== Recorded data ==

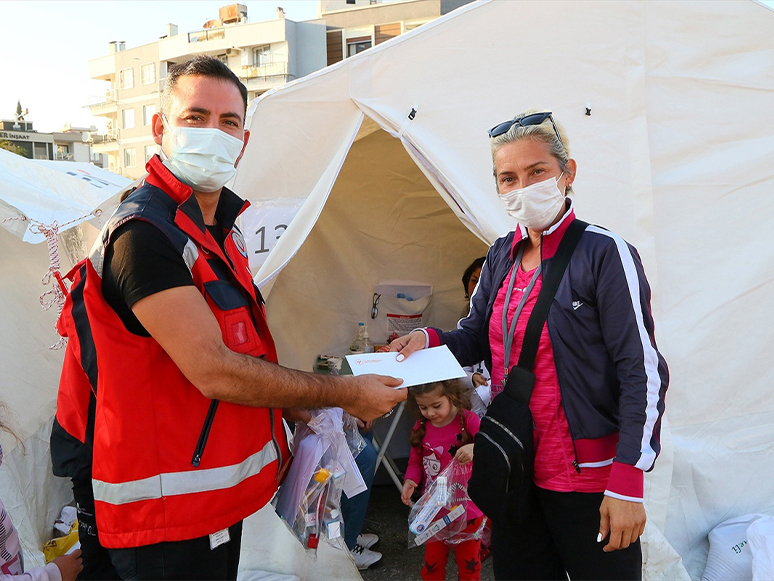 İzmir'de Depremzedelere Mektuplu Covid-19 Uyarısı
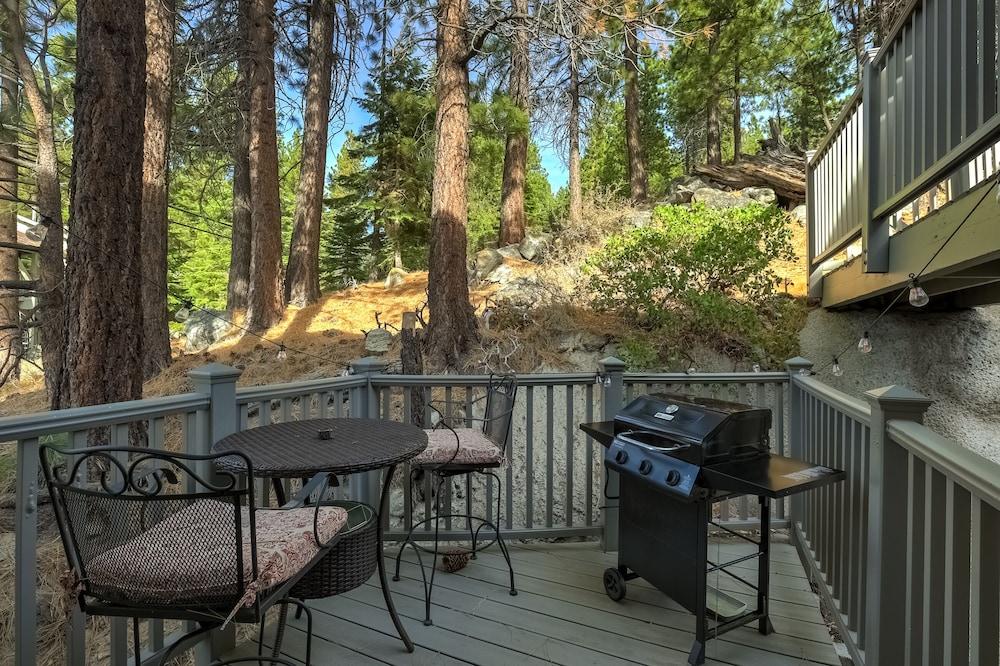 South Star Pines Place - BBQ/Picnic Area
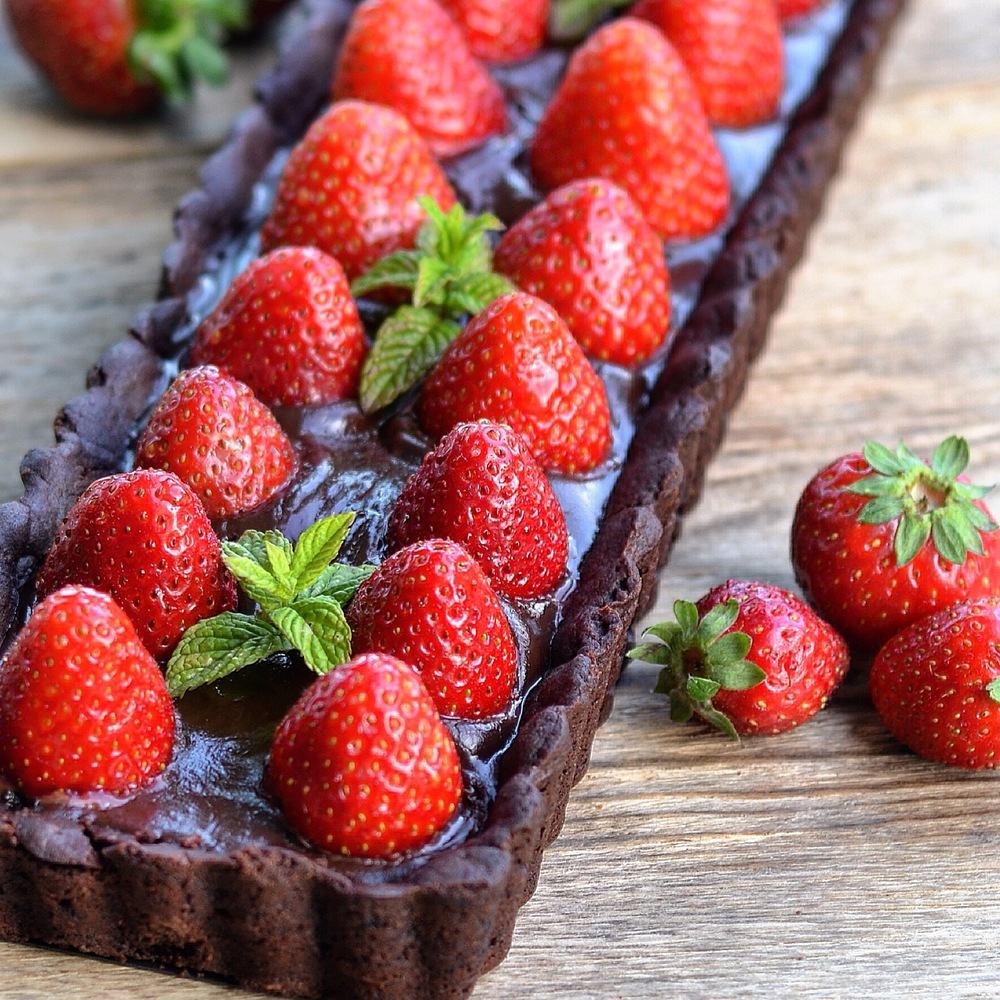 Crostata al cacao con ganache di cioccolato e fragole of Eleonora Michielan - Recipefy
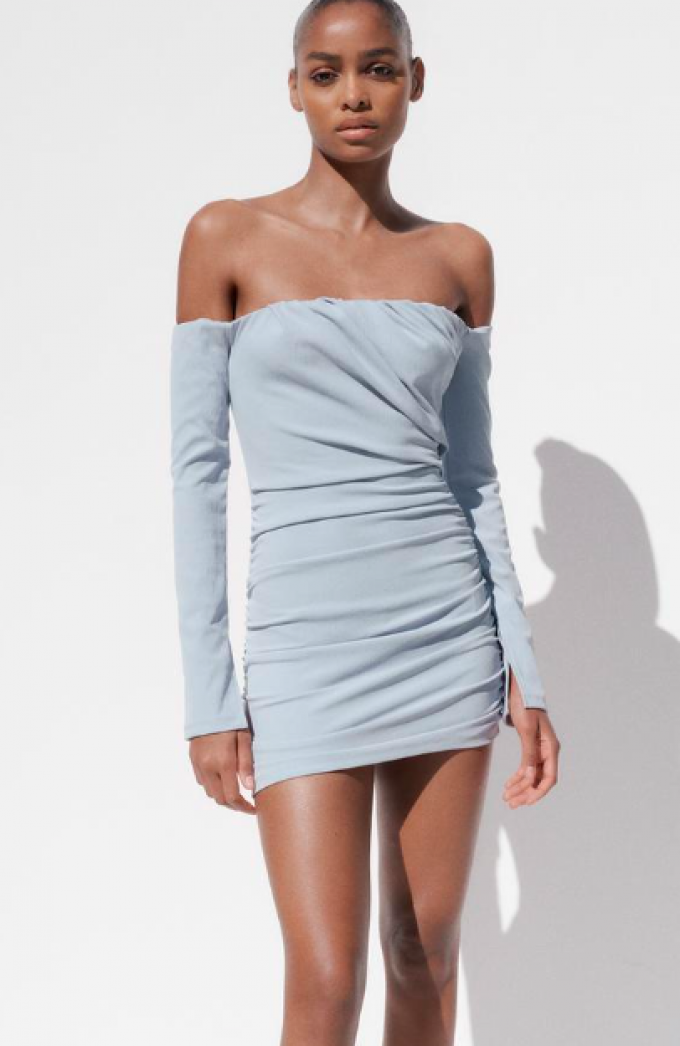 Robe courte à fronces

===

[Assignment]:
Send back every line of the listing exactly. Omit the images.

[Solution below]:
 İzmir'de Depremzedelere Mektuplu Covid-19 Uyarısı
 South Star Pines Place - BBQ/Picnic Area
 Crostata al cacao con ganache di cioccolato e fragole of Eleonora Michielan - Recipefy
 Robe courte à fronces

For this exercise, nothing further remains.